Rectovaginal fistula occurs in 3–5% of all female patients diagnosed with CD [6]. There was a cohort study collecting total 47 Crohn’s disease patients complicated with genital fistula and total 35 patients in the study are complicated with RVF. The major symptoms of the genital fistula included feces and gas passage through the genital tract, and some patients suffered from infection and dyspareunia. The mean time from the diagnosis of Crohn’s disease to the appearance of the genital fistula was 102 + − 96.8 months in the study [24]. Although the recent systematic review showed increasing role in biological treatments of fistula, the combination of biologics and surgical intervention is most effective way in this condition [6]. In this case, surgical repair could lead to anastomotic leakage and intraabdominal abscess formation due to severe inflammation. After good inflammation control with vedolizumab, operation could be performed safely and smoothly.

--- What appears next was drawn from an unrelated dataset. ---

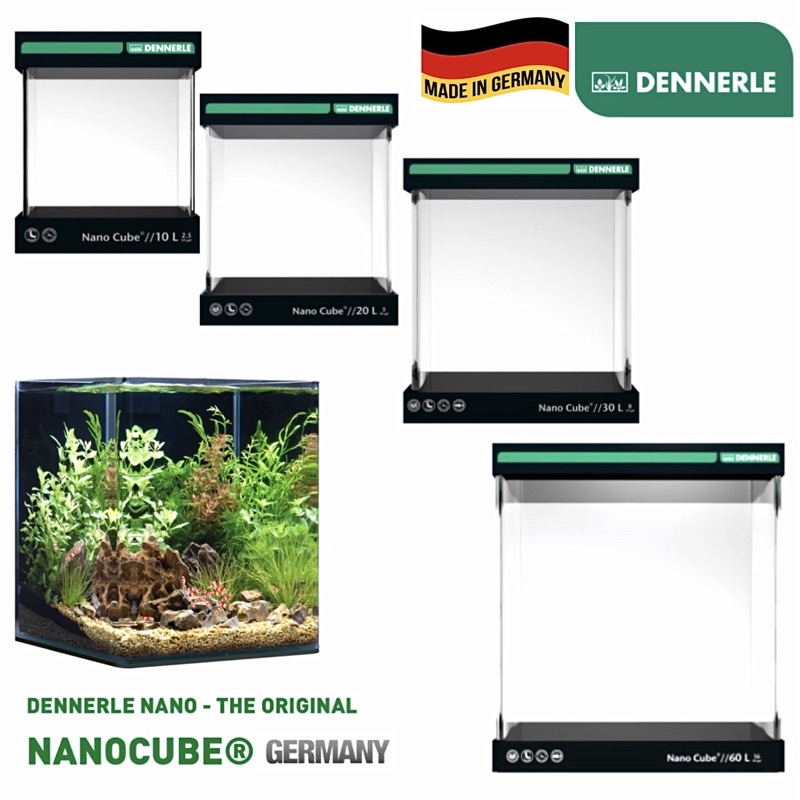 dennerle-ตู้ปลาขอบโค้ง-ทรงลูกเต๋า-cube-10l-20l-เลี้ยงปลา-กุ้ง-ของแท้-ถูกที่สุด-พร้อมส่ง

This SLE patient concurrent with CD and rectovaginal fistula who was successfully treated with vedolizumab and surgical intervention, but she experienced an episode of cryptococcal pneumonia during the previous adalimumab treatment. When a SLE patient had rectal ulcers, Crohn’s disease should be considered after ruling out infectious disease. Biologics combined with surgical intervention is an optimal solution for Crohn’s disease with rectovaginal fistula. Cryptococcal pneumonia is a rare but fatal opportunistic infection in patients receiving biological treatment, we should always keep the disease in mind.